__SUPPLIED INFORMATION__.
......

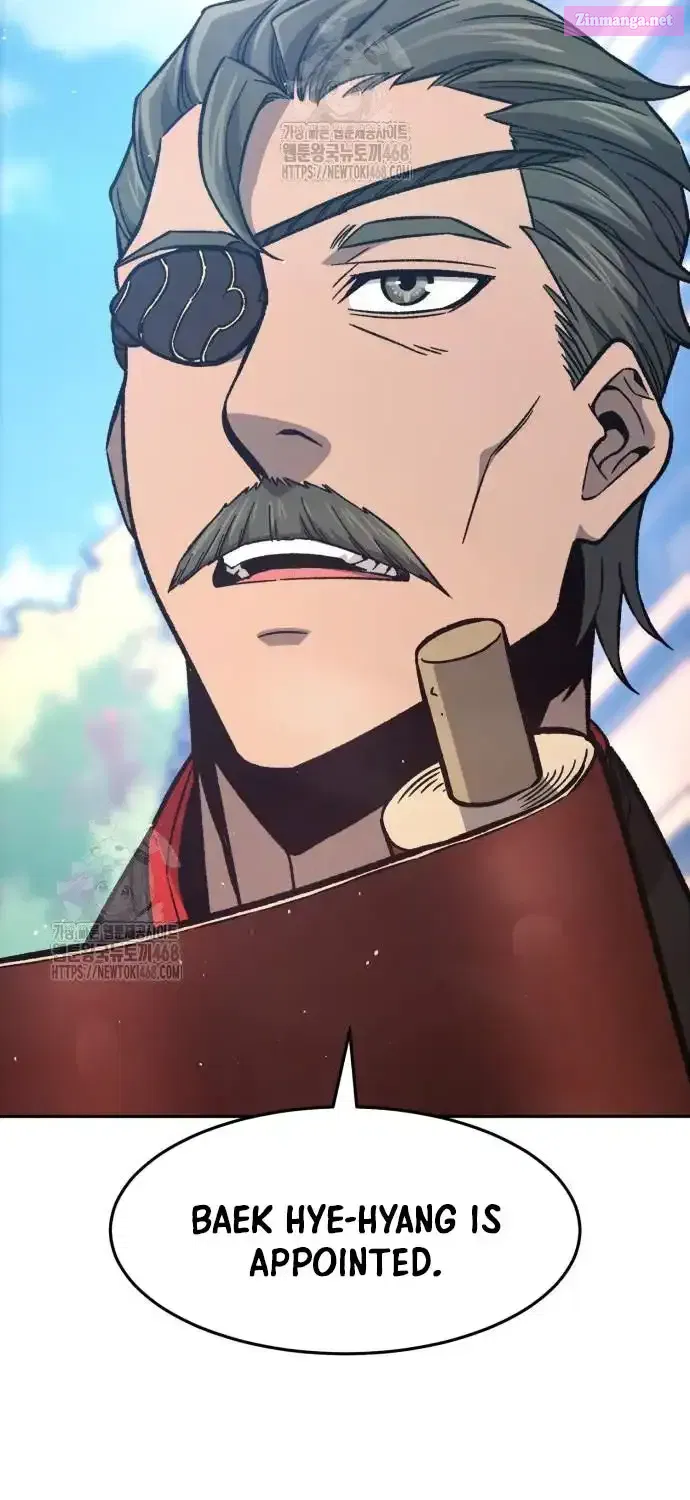 Read Absolute Sword Sense chapter 154.1 image 52 on Lezhin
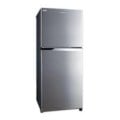 Panasonic NRBL267PS Refrigerator Price In BANGLADESH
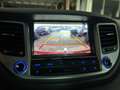 Hyundai TUCSON 1.6 T-GDi Premium 4WD automaat leder trekhaak. Rot - thumbnail 9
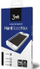 Xham mbrojtës 3MK HardGlass MAX për iPhone 7 Plus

......

__INSTRUCTIONS TO FOLLOW__. Since the pictures are not wanted, write out the rest of the data exactly as it reads.

__SOLUTION FOR THIS EXERCISE__.
 Read Absolute Sword Sense chapter 154.1 image 52 on Lezhin
 Panasonic NRBL267PS Refrigerator Price In BANGLADESH
 Hyundai TUCSON 1.6 T-GDi Premium 4WD automaat leder trekhaak. Rot - thumbnail 9
 Xham mbrojtës 3MK HardGlass MAX për iPhone 7 Plus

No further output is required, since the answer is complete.